Era quello che era accaduto circa un mese dopo la scomparsa di Matteo Cevolini, quando Riccardo Donatti, collega e amico di lunga data che era stato incaricato di seguire l'indagine, lo aveva chiamato per invitarlo a bere una birra dopo il lavoro. Cristiano aveva subito capito cosa si celasse realmente dietro a quella telefonata, aveva sentito nella voce spenta del collega, nell'amarezza che sembrava grondare da ogni frase, il suo bisogno di sfogarsi con qualcuno. 

In quel locale, seduti a un tavolo appartato, Riccardo si era lasciato andare. 

Ogni dettaglio era ancora chiaro nella sua mente, quasi come se la conversazione avesse avuto luogo solo il giorno prima.

Rammentava le gocce che imperlavano i boccali di birra ancora pieni, lo sguardo sconfortato negli occhi castani dell'amico, la profonda ruga che gli solcava il volto, perennemente abbronzato grazie a tutte le ore che passava, nel tempo libero, a cavallo della sua bicicletta. 

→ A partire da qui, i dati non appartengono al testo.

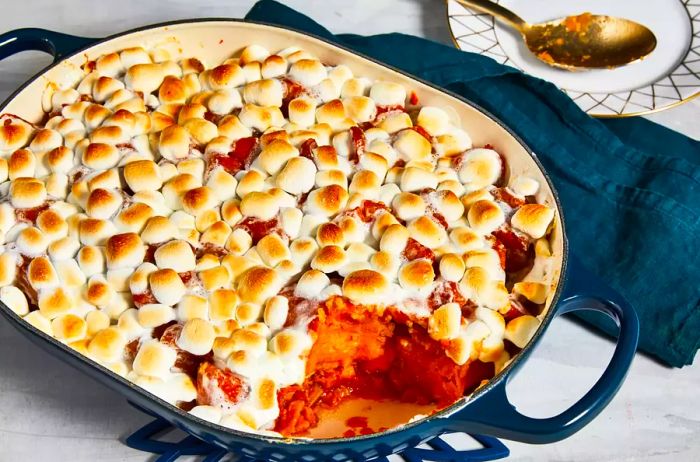 Candied yams served in a navy blue casserole dish with a slice removed.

«Abbiamo fatto tutto quello che potevamo. Abbiamo cercato quel ragazzo in lungo e in largo ma niente, nemmeno uno straccio di indizio» aveva esordito il collega. «E la famiglia... io ho cercato di essere comprensivo, come del resto faccio sempre. Posso solo immaginare cosa stiano passando. Non ho avuto figli, lo sai, e devo ammettere che quando mi ritrovo a indagare su casi del genere e vedo cosa passano le famiglie sono davvero felice di questa mia scelta.» Aveva scosso la testa. «Deve essere la cosa più orribile che qualcuno possa trovarsi a vivere. Lo sai, facciamo tutto il possibile per dare alle famiglie le risposte di cui hanno disperatamente bisogno ma a volte non è sufficiente. È terribile, non lo nego, e anzi, è proprio in circostanze del genere che mi ritrovo a pensare che il nostro lavoro fa davvero schifo, ma purtroppo ci sono misteri che sono destinati a rimanere senza soluzione. So che è difficile per le famiglie accettarlo, diavolo, lo è anche per noi! Sapere che tuo figlio è stato ucciso è terribile, ma così... non sapere che ne è stato di lui, non avere neppure una tomba su cui piangere... è mille volte peggio, me ne rendo conto. Ma la madre! Il padre, pover'uomo, lo capisco ancora, ma lei... insomma... non lo capisce che anche io ci sto male? Che per me, questo è un fallimento anche a livello personale?»

La madre di Matteo Cevolini, Jolanda Nannini, a quanto pareva, aveva accolto la mancanza di progressi nelle indagini sulla scomparsa del figlio nel peggiore dei modi possibile. Non solo non si era rassegnata, la qual cosa sarebbe stata anche comprensibile, ma aveva iniziato a perseguitare il povero Riccardo. Lo assillava, lo attendeva ogni giorno all'inizio del turno in caserma. Sembrava convinta che né lui né gli altri suoi colleghi stessero facendo abbastanza, e glielo diceva nei modi più coloriti possibile, tanto che, alla fine, Riccardo aveva perso la calma, e l'ultimo incontro con la donna era degenerato in un alterco furibondo che gli era addirittura costato un richiamo.